What you see in my photograph is the courtyard formed where the building turns from along the contours of the Mound to up towards the Lawnmarket and Edinburgh Castle. It is in fact a single complex although it appears to be a jostling group of tall medieval buildings. Most people will have noticed it up on the hill from below across Princes Street Gardens or perhaps on reaching the Castle's Esplanade.

Ramsay Garden is a block of sixteen residential units developed around Ramsay Lodge. Ramsay Lodge, also known as “Goose Pie House”, is an octagonal house built in 1733 for the poet and wigmaker Allan Ramsay the Elder. Alongside it were built a row of Georgian houses in 1760, now forming part of the courtyard.
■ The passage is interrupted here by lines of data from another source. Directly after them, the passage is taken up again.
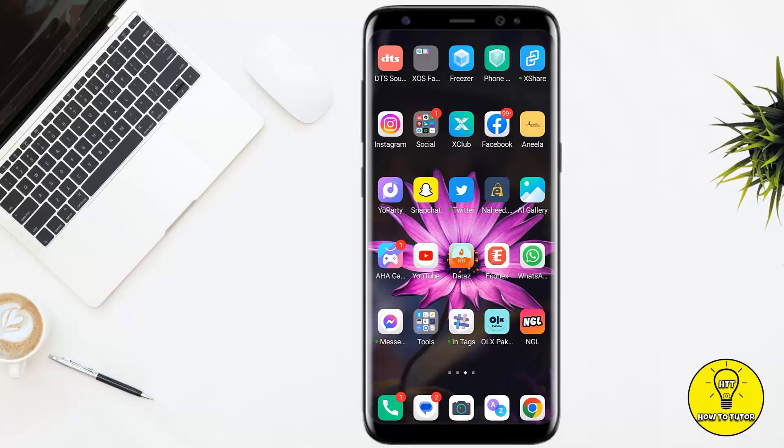Hey guys, today I'm going to walk you through how to fix the Instagram Reels 'something went wrong' error message. If the Instagram Reels feature isn't working as it should, I'll show you a couple of things you can do to fix it. It's quick and easy, so let's jump right into the video.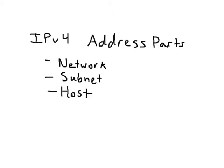IPv4 IP addresses usually have three different parts. There is the network portion, the subnet portion, and the host portion.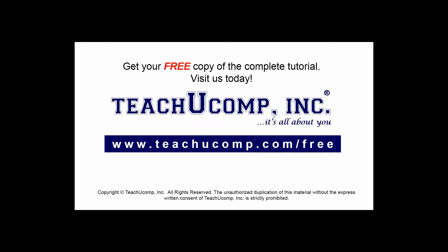Get your free copy of the complete tutorial at www.teachucomp.com forward slash free.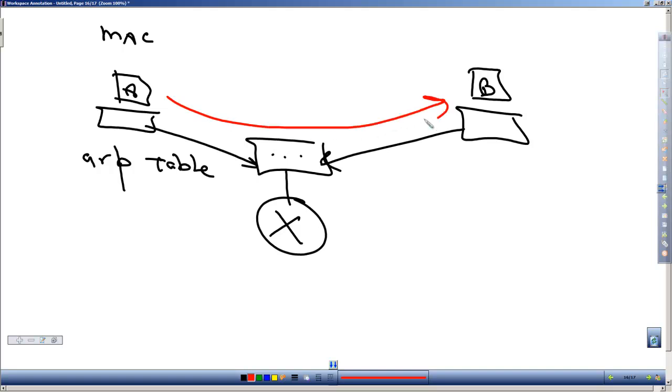But what if it's not communicated with B, or not communicated in a long time? When it looks at its ARP table, there's nothing there.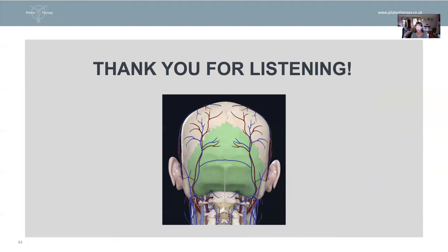Thank you for listening. I hope you found this useful. I will hopefully be bringing another set of exercises soon, probably for the foot, ankle, and knee. Thank you for listening.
The tight mix of housing, trades, shops, inns and other buildings packed over the limited space on the Royal Mile and Lawnmarket and spilling over over the edges became a terrible slum and triggered the building of the New Town with its elegant houses and layout to the north. At such times there would have been a tendency to leave this area to its fate. But in the 1890's one man, Patrick Geddes, had recognised its richness and potential. Geddes was to become known as a visionary and as the father of modern town planning. He dreamt of a return to the city's 18th century Golden Age when many great thinkers lived and met in this area.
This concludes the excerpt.